Small-Scale Sample Handling for Studies of Liquid Crystals and Lipid-Based Soft Matter
In the field of sensing in general and biosensing in particular, there is a growing need for integrating
miniaturised senor elements in microfluidic systems. The advantages are several, some of which being that the consumption of, often very expensive, sample material can be reduced; sample
exchange can be optimized; sensor performance in terms of detection limits can be improved and phenomena occurring on a very small, and even single-molecule, scale can be studied. In this work different microfluidic solutions have been designed and integrated with a number of different
sensing techniques chosen based on their capacity to unravel a number of different physically, chemically or biologically relevant phenomena in connection with lipid-based soft matter and liquid crystals.
The first part of the thesis is focused on the advantages of miniaturizing one out of three dimensions of a reaction chamber designed for quartz crystal microbalance with dissipation (QCM-D) monitoring, while keeping the size of the radial extension macroscopic. With a high radius-
to-height ratio, surface induced effects could be identified and taken advantage of in studies of liquid-crystal phase transitions in confined geometries. A similar approach was implemented to improve the performance of aqueous-phase QCM-D studies of the self assembly of supported cell-membrane mimics, revealing improved reaction rates and reduced sample consumption. The ability of QCM-D to unravel the viscoelastic properties of thin soft matter films was also used to study changes in the viscoelastic properties of surface-immobilized lipid vesicles undergoing a transition from gel to liquid phase during a temperature sweep. By varying buffer salt and pH, it was shown that the vesicle-surface interaction plays an important role in determining the characteristics
of the shape fluctuations, phase transition temperature and hysteresis around the phase transition.
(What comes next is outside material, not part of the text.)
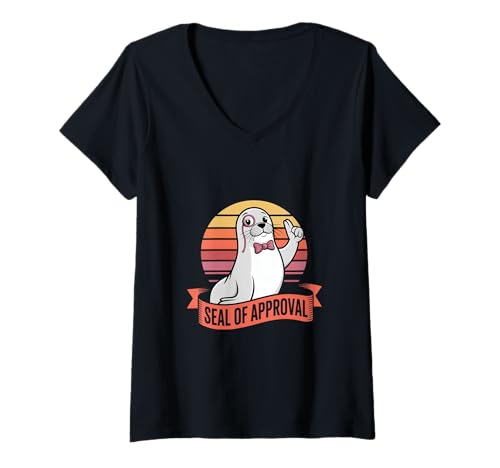 Damen Lustige Robbe Retro Monokel Schleife Seal of Approval T-Shirt mit V-Ausschnitt von Seehund Wortspiel Retro Robbe Monokel Humor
In the last part of the thesis work, two different microfluidic systems were designed and used to study rapid transport of water and glycerol across the lipid membrane of surface-immobilized
lipid vesicles. In this case, fluorescence imaging was employed to resolve transport reactions on the level of individual liposomes. The membrane-transport reactions were induced by rapidly exchange the solution outside the liposomes, for which purpose two conceptually different
approaches were developed and compared. The first approach took advantage of the fact that small sample volumes can be moved rapidly over a predetermined probe area containing surface-
immobilized lipid vesicles. In the second approach the vesicles were suspended and moved into a mixing region, while the liquid flows were kept constant in order to reduce the limitation imposed by external equipment such as electric valves on the system. Both methods generated lipid-membrane permeability data close to what has been reported in the literature, and statistics from single vesicle data revealed a new means to characterize the efficiency of membrane-protein incorporation.